- Task item -
Further down are entries; set down exactly and only the lines from the one with "Purple Maslin Zari Frock Set" up to and including the one with "Garnier Thiebaut Housse", dropping each picture.

- Provided entries -
::::
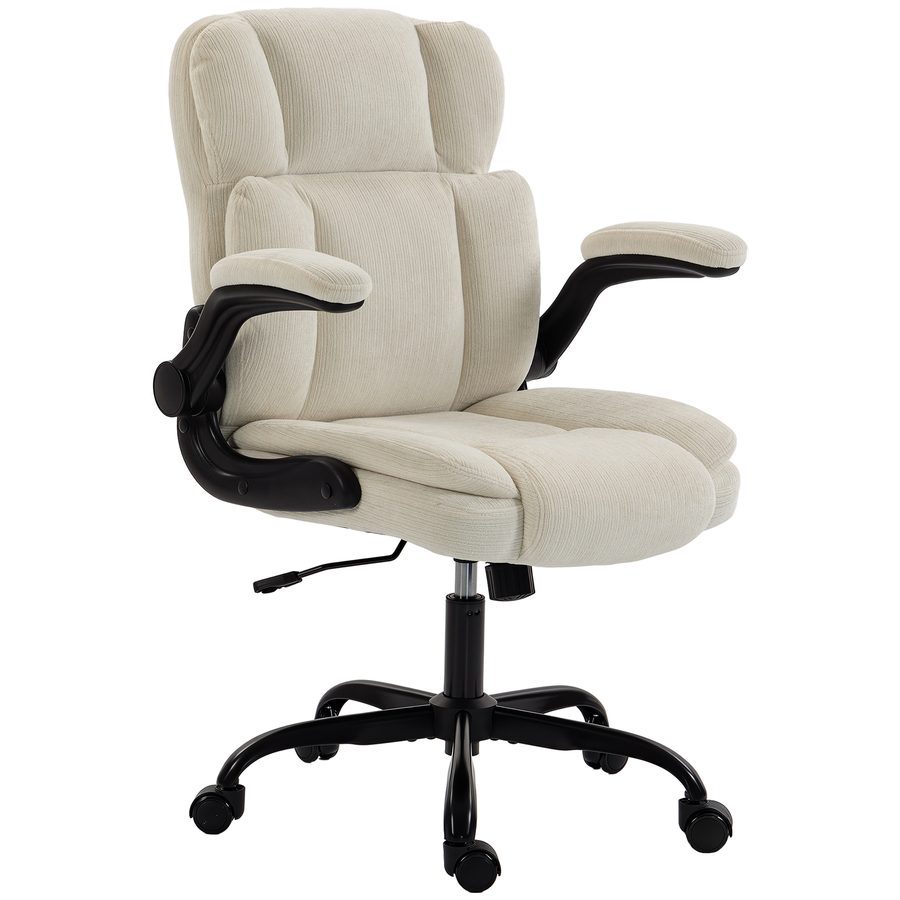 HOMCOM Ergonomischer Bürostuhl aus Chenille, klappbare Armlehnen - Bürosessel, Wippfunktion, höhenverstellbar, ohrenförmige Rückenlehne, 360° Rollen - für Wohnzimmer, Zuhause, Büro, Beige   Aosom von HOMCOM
::::
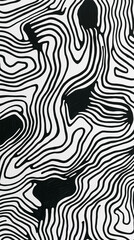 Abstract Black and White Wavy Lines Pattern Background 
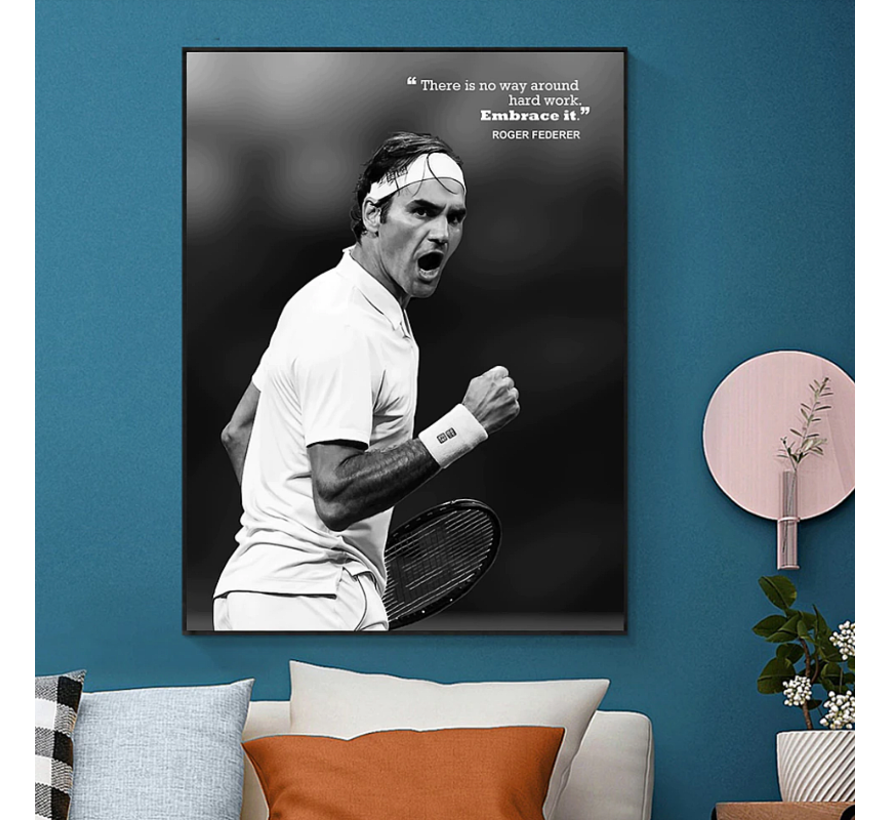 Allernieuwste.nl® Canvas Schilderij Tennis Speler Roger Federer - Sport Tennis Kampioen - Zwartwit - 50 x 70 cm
::::
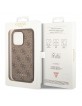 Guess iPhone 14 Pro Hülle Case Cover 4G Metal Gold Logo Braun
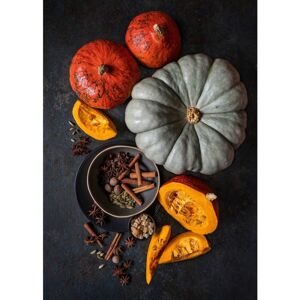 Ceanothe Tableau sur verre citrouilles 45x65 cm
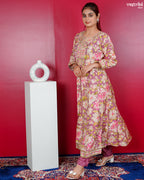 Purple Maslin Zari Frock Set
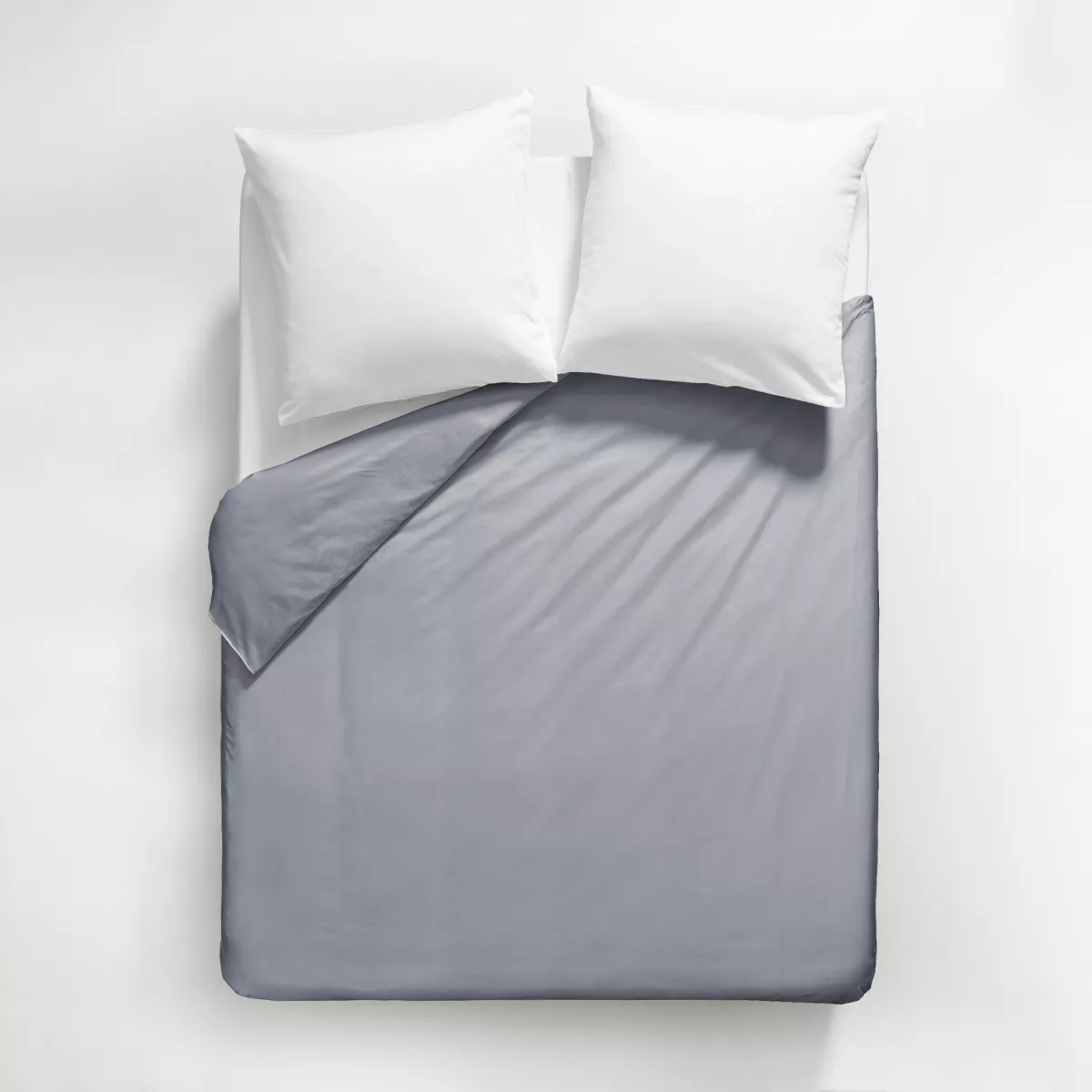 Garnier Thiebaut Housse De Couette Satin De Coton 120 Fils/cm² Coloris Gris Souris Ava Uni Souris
::::
- Response to the exercise -
 Purple Maslin Zari Frock Set
 Garnier Thiebaut Housse De Couette Satin De Coton 120 Fils/cm² Coloris Gris Souris Ava Uni Souris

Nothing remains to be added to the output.